──────── Supplied material
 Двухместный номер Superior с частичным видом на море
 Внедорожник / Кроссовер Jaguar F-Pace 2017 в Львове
────────────────
──────── Supplied material
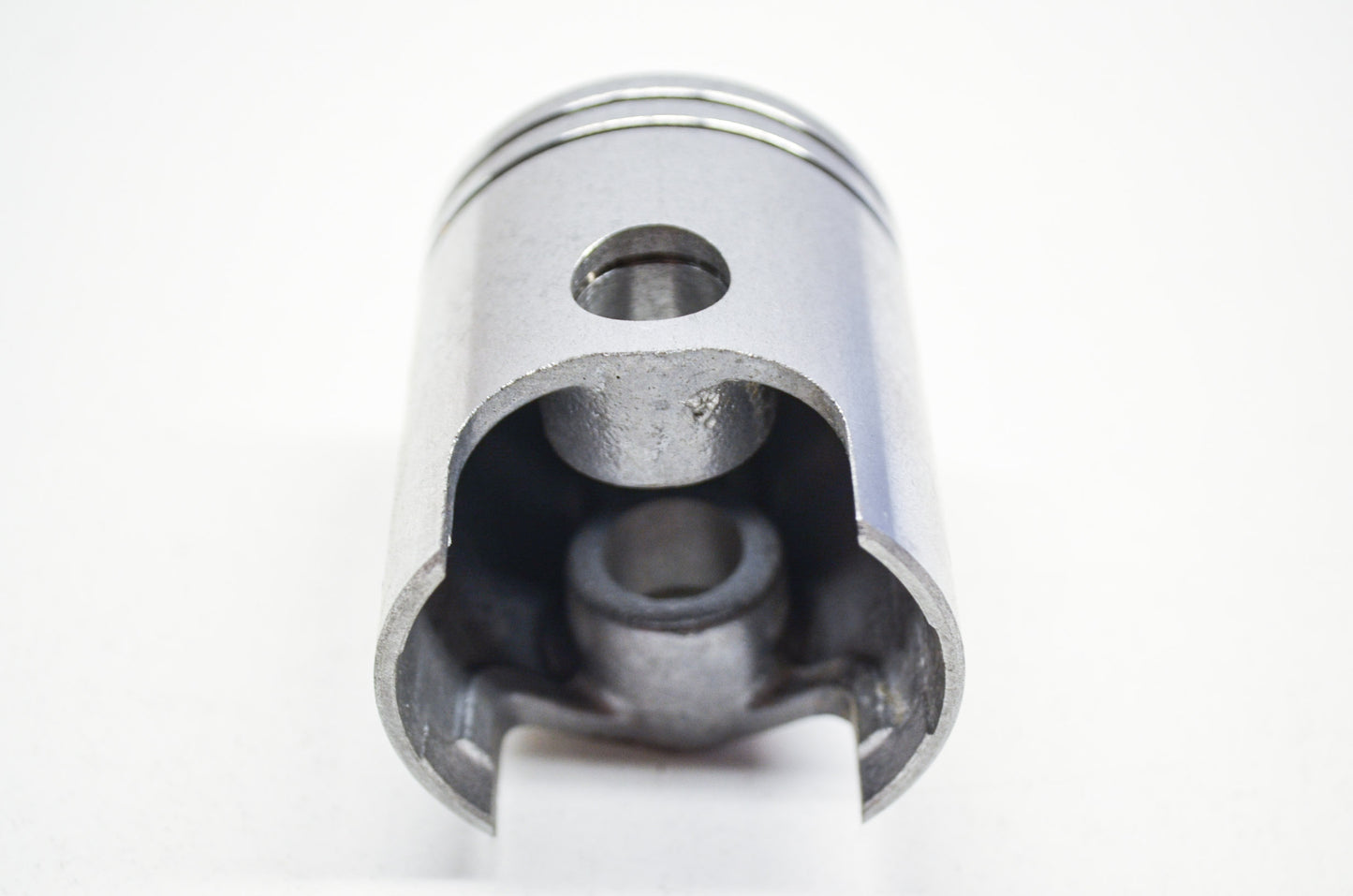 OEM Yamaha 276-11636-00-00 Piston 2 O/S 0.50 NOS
────────────────
──────── Supplied material
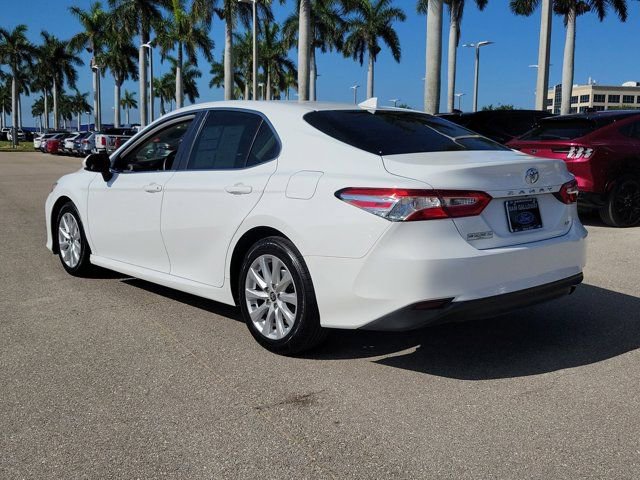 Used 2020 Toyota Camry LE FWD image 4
────────────────
Brief:
Among the lines above, find the one with "Двухместный номер Superior" and the one with "Внедорожник / Кроссовер". Quote both and everything between them, exactly.

Reply to the exercise:
 Двухместный номер Superior с частичным видом на море
 Внедорожник / Кроссовер Jaguar F-Pace 2017 в Львове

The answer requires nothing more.